# Coolant sensor location



## sillysod (Mar 26, 2007)

Okay I have looked and can't seem to find where the coolant sensor is for the analog dash gauge on my 03 passat glx.
I am sure the connector is loose or something like that because I drive the gauge goes on and off intermittently. No lights etc, and car runs fine, just annoying.


----------



## sillysod (Mar 26, 2007)

*Re: Coolant sensor location (sillysod)*

anyone?


----------



## O_o (Nov 12, 2009)

*FV-QR*

It's at the back (firewall side) of the bank 1 (passenger side) cylinder head. Remove the beauty cover and the flex hose coming out of your airbox, and you'll find it underneath about where the right-hand side of said flex hose is in your picture. Make sure you have the new one ready to go in immediately to minimize coolant loss and mess, or you can drain about half your coolant and fill it again after.


----------



## sillysod (Mar 26, 2007)

*Re: FV-QR ()*

thanks!


----------



## spitpilot (Feb 14, 2000)

*Re: FV-QR (sillysod)*

Do this with engine stone cold and coolant cap on tite and you'll lose hardly any coolant..I just put in a 1/2 cup distilled water top up when I did mine.
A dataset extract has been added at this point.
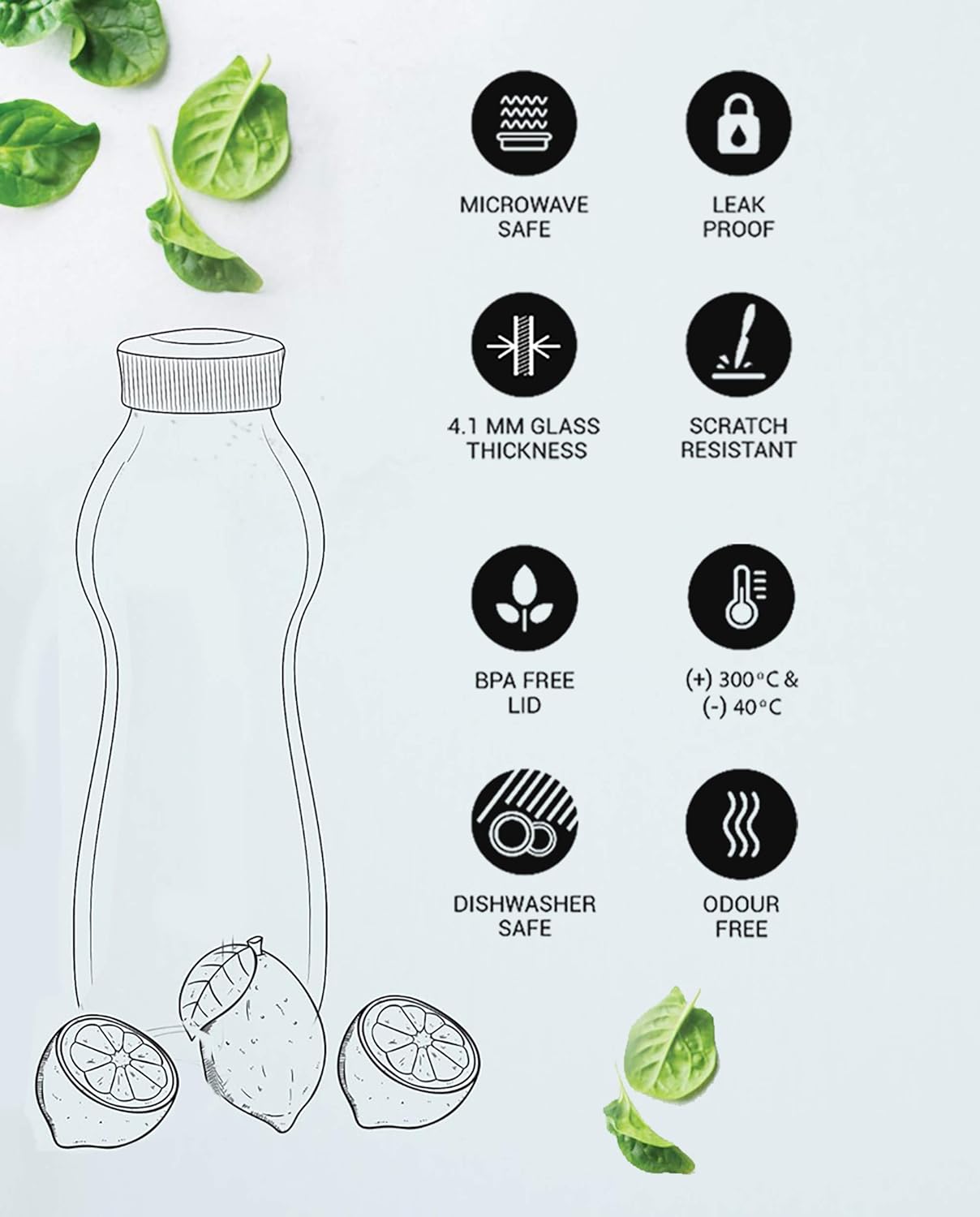 Borosilicate Eazy Grip Glass Bottle (Treo by Milton)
Get extra lock clips...you drop one its gone..and you have to do this job by "braile"...I looked it over first with inspection mirror to get idea of what I"d be feelin my way thur..dropped clip...I tied a string on second one and tied it to my wrist so I could get it back if I dropped that one too...cut string off after I had it firmly in place...be sure you get old oring out sometimes they don't come out with sensor..you don't wanna try to install sensor with two orings!


----------



## sillysod (Mar 26, 2007)

*Re: FV-QR (spitpilot)*

I am pretty sure its just a connection problem.
sometimes the gauge works, sometimes it doesn't.
it's totaly intermittent.


----------



## tryin2vw (Dec 30, 2006)

*Re: FV-QR (sillysod)*

Being intermittent is a classic sign of a failing CTS.


----------



## aslamusman (Aug 6, 2007)

*Re: FV-QR (tryin2vw)*

I had the same issue on my Passat, the Temp gauge works fine and some time its completely dead, just replaced the sensor and its back to normal.


----------